Problem to solve – Since the records include pictures, leave those out while you reproduce exactly and only the lines from the one containing "Meli rich（メリーリ" through the one containing "New 2026 Volkswagen", inclusive.

Information shown –
########################################

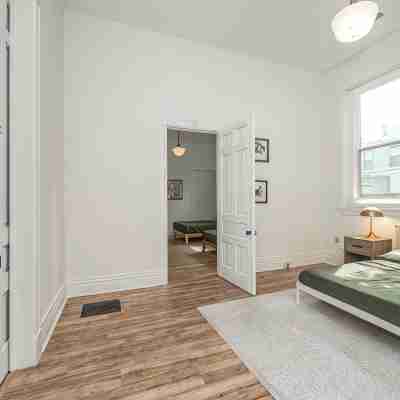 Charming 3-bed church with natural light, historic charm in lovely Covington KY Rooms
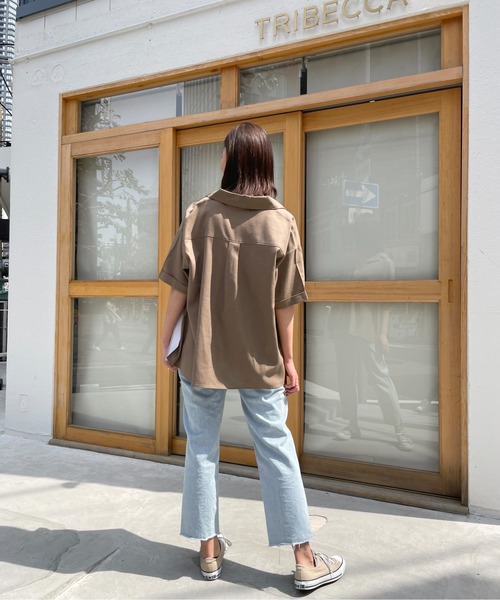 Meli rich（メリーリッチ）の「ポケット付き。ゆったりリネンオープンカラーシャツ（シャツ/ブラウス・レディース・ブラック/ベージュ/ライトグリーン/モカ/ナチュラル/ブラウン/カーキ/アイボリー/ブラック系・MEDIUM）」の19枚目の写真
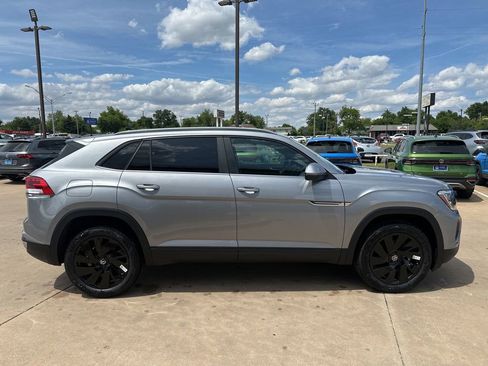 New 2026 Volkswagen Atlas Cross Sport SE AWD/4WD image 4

########################################

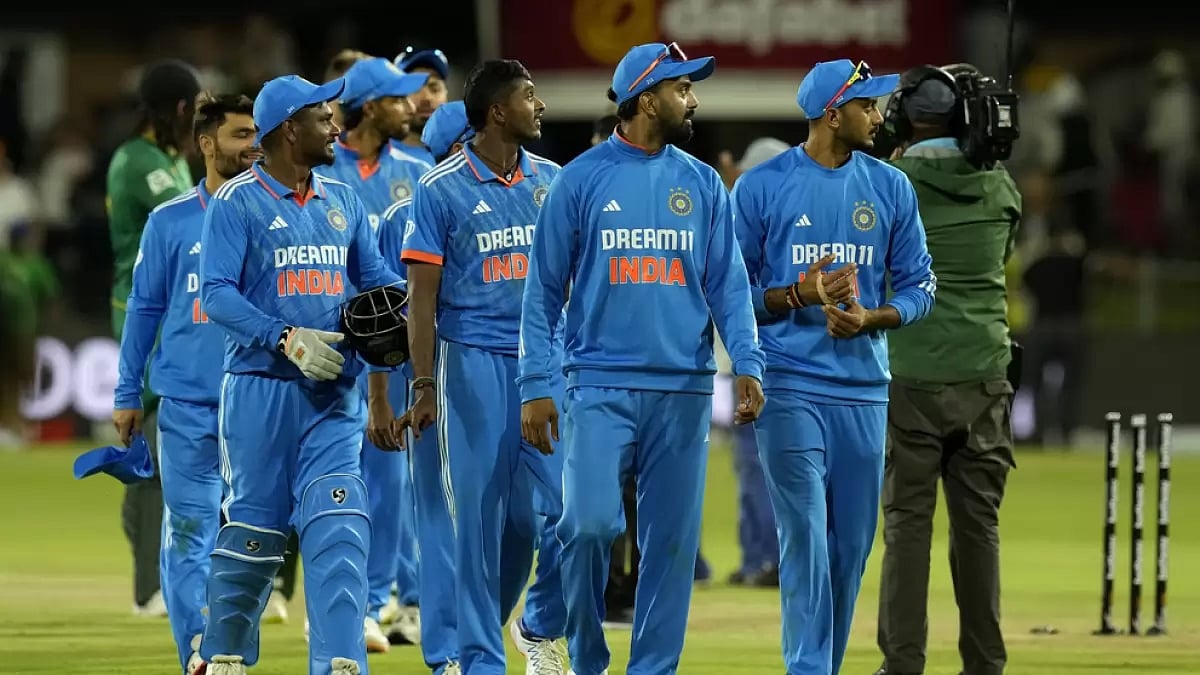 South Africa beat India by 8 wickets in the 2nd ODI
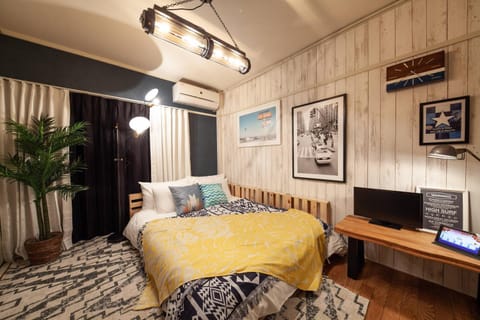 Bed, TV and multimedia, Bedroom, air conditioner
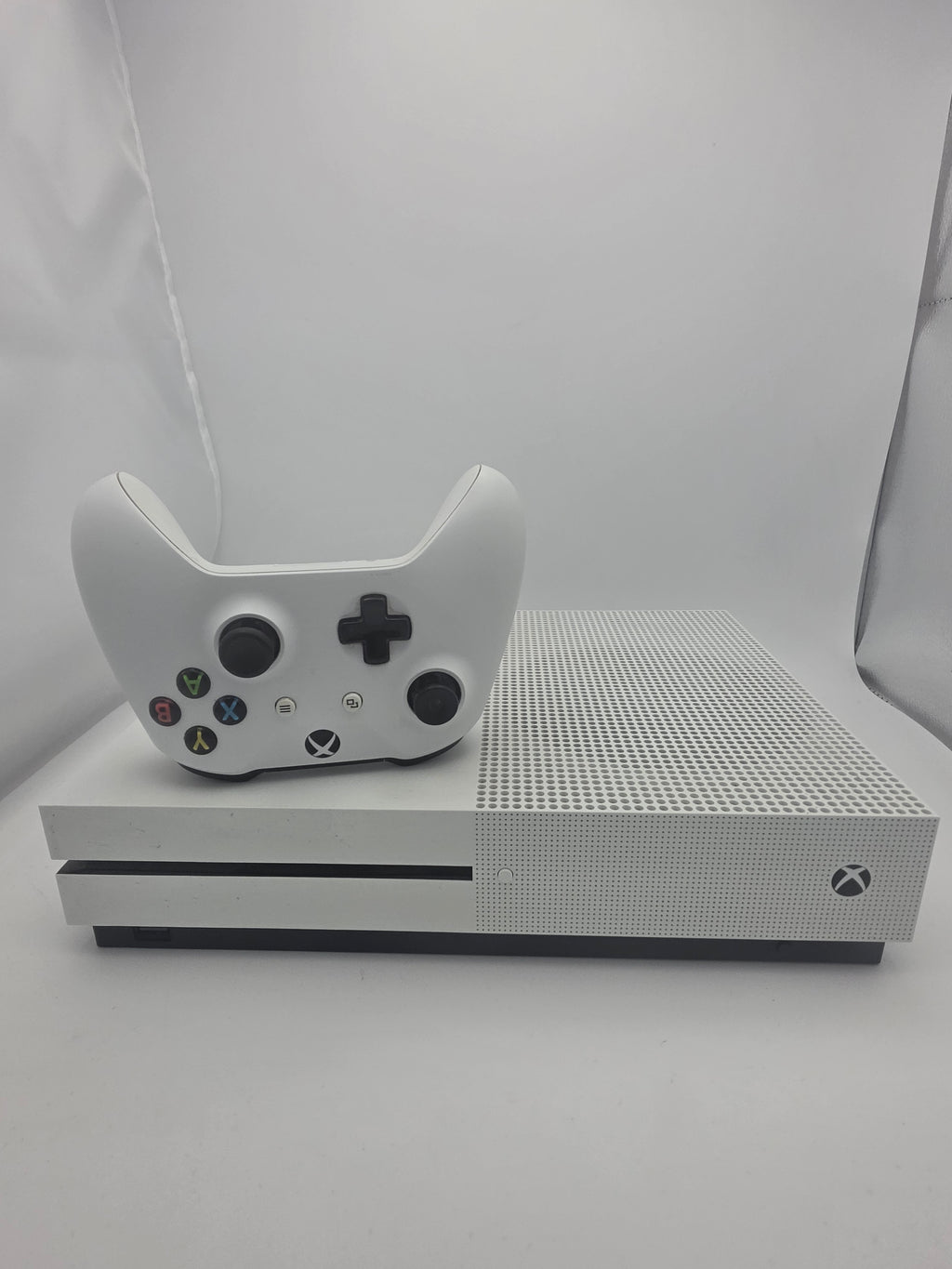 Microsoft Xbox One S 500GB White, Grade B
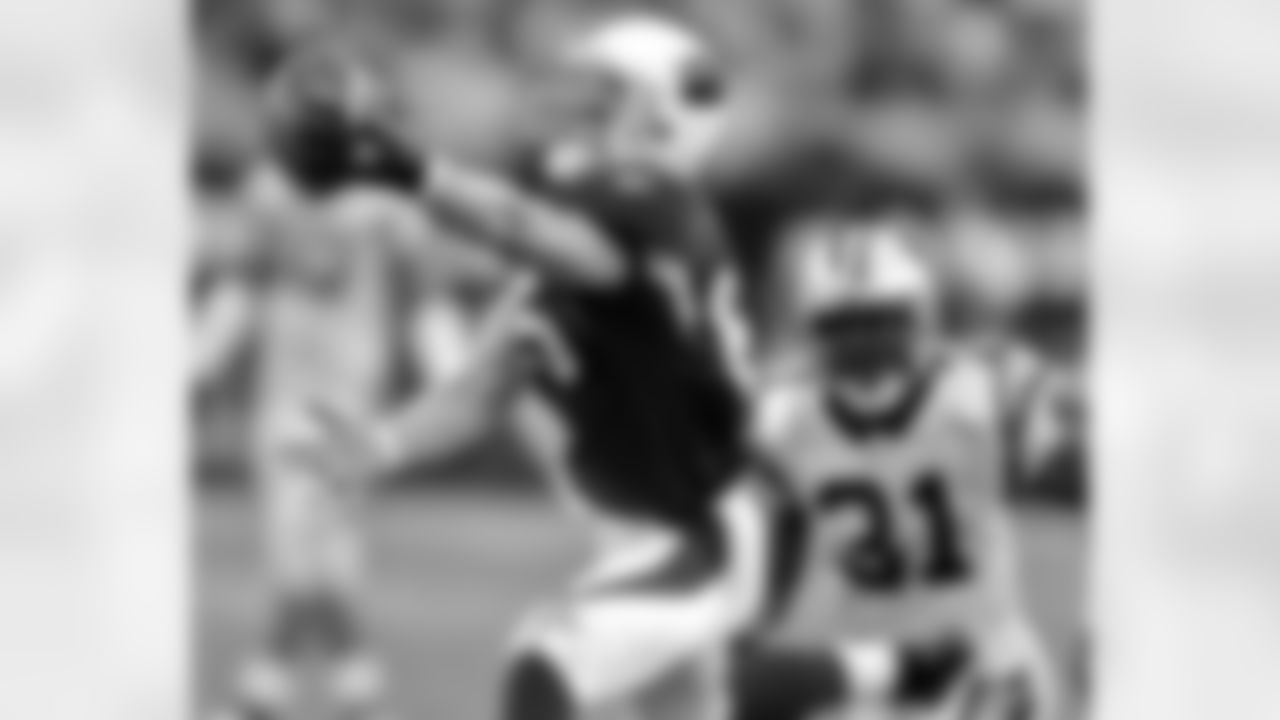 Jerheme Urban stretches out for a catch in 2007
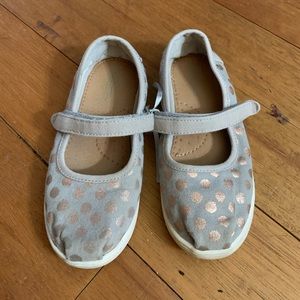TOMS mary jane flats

########################################

Written response –
 Meli rich（メリーリッチ）の「ポケット付き。ゆったりリネンオープンカラーシャツ（シャツ/ブラウス・レディース・ブラック/ベージュ/ライトグリーン/モカ/ナチュラル/ブラウン/カーキ/アイボリー/ブラック系・MEDIUM）」の19枚目の写真
 New 2026 Volkswagen Atlas Cross Sport SE AWD/4WD image 4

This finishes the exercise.